In the eleventh century, Rashi, the preeminent biblical commentator, summarizing his understanding of our reading this week, wrote that the establishment of equitable legal structures is sufficient to keep Israel alive and settled in their homeland. A century later, Maimonides will disagree with Rashi. Maimonides will ask why the text doubles the word, “justice” in our key verse, “Justice, justice, you shall pursue.” He will assert that the first “justice” refers to a government of justice as Rashi correctly explains, but that the second “justice” refers to an individual responsibility. Maimonides’ point has solid grounding in the study of the Hebrew.
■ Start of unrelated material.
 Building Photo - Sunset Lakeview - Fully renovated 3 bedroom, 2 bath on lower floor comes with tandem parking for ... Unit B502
Tzedek, the Hebrew word that is doubled in our verse, comes from the older word,”tzadak” which means “to make right.” It is “tzedek” which is the root of “tzedakah, charity.”

            Consistent with Maimonides’ point, in our text last week, the Israelites’ longevity in their new land is not only linked to legal structures. In our last reading, Moses taught that his children’s survival on the land will be ultimately determined by whether and how they care for the needy among them. Last week, we read, “If there is a needy person among you, in any of the settlements that the Lord is giving to you, do not harden your heart and close your hand to him. Rather, you should open your hand widely to him and lend him whatever it is that he requires. ... Give to him readily and have no regrets when you do so, for in return, the Lord your God will bless you and all your undertakings.”
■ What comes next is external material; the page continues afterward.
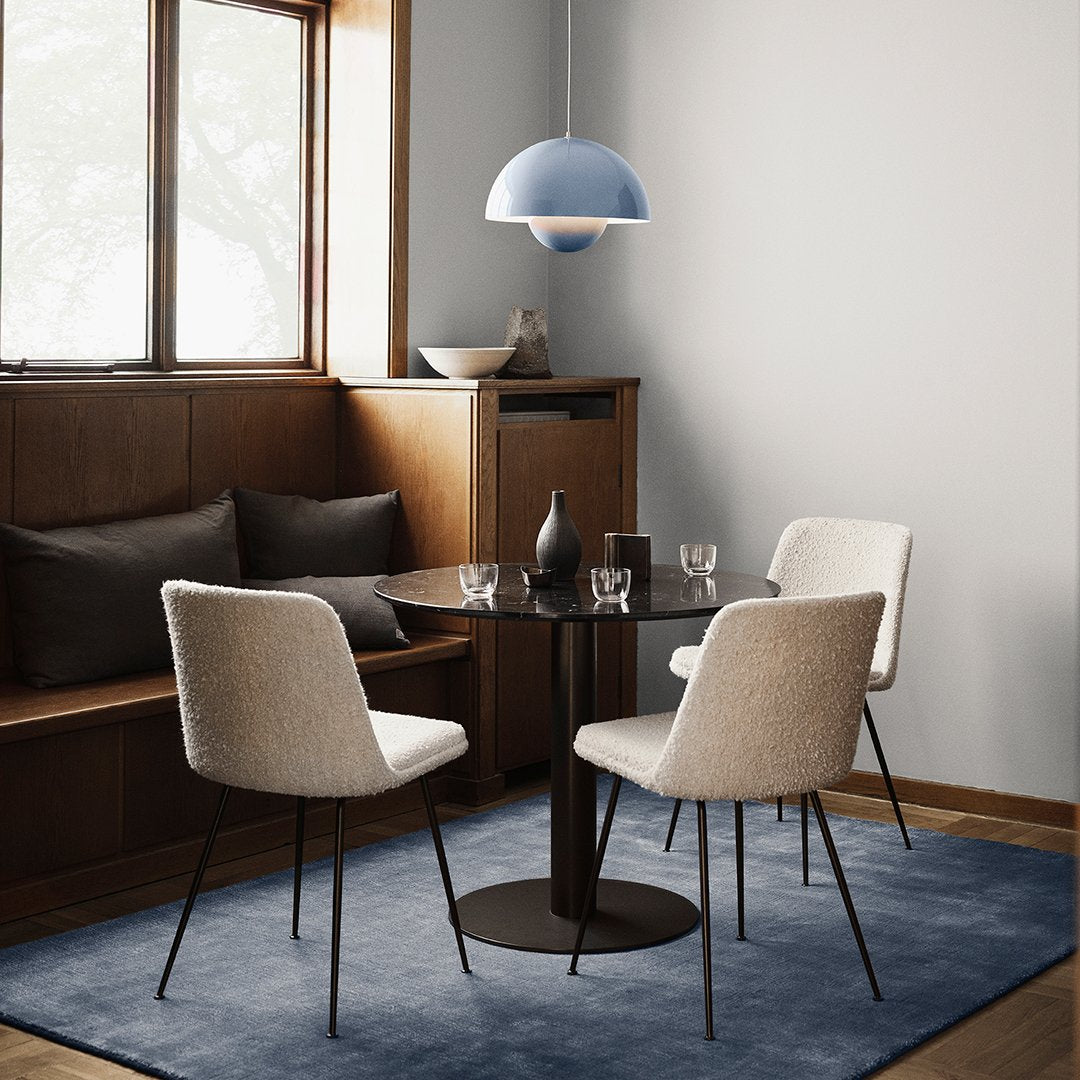 Rely HW9 Chair - Tube Base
Also last week, in order to eliminate gaping economic chasms between those who own large farms and those who own little or no land at all, Moses instructed his people to forgive all loans every seven years. Moses taught, “Every seventh year, you will practice remission of all debts, ... and therefore, there will be no needy among you.” This biblical practice, certainly foreign to modern economic principles and deemed impractical even by the time of the rabbis, redistributed the wealth and re-divided agricultural property more equally on a regular basis.

Combining our readings for this week and for last, we can see that equity—the two “justices,” the two “tzedeks,” both in the court of law and in the class structure of the society in general—is to be vigorously pursued.
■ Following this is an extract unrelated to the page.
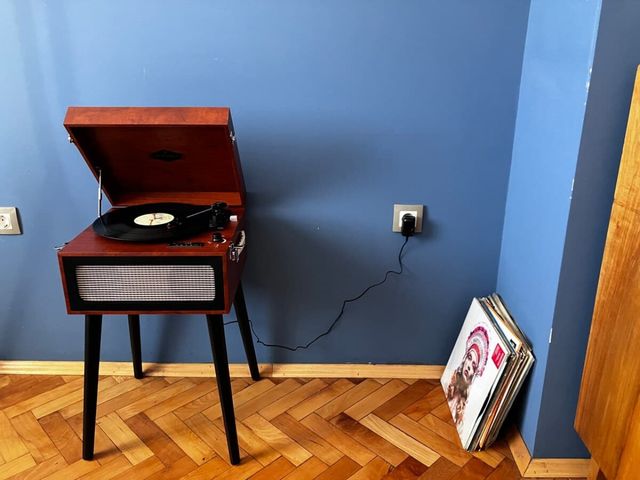 ART-ament, a unique central flat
            In a comment on the key verse of our week’s reading that demonstrates astounding creativity and insight, the nineteenth century Chasidic master, Simcha Bunam, interprets the double “tzedeks” differently. Rabbi Bunam translates our verse, “Justice justly, shall you pursue.” He understands Moses’ message to be that justice cannot be achieved if one uses unjust means. In a teaching that has profound and far-reaching implications for his society, his age, and our own, Rabbi Bunam asserts that the ends never justify the means. He writes, “The worthiest of goals are rendered worthless if we have to compromise tzedek to attain tzedek.

            But the world is so large and injustice so ubiquitous! How much can any one of us do to pursue justice? How much justice-seeking does God require of us? How much justice-seeking is enough?

For wisdom on these questions, we turn to the Mishnah. Nineteen centuries ago, Rabbi Tarfon addressed the enormity of the weight exerted by a largely unjust world on the individual who is truly committed to social justice. Speaking across the centuries and directly to us today, Rabbi Tarfon taught, “The time is short. The work is great. ... You are certainly not obliged to finish the task, but neither are you free to desist from it.”

 

As I wrote these words, I met with a father of one of my Bat Mitzvah students. Speaking about his parents’ deeply conflictual relationship with Judaism, this father said what many have said to me over the years, “My parents were not religious. They were passionate social activists.”

Our text summons us. It confronts and cajoles, “Justice, justice, you shall pursue!” In other words, the pursuit of justice is religion. The pursuit of justice is God. It is our reading this week that forcefully challenges the father’s definition of “religious.” It is our reading this week that jolts us from our complacency, and with clarion voice, commands us, for God's  sake, "Do something!"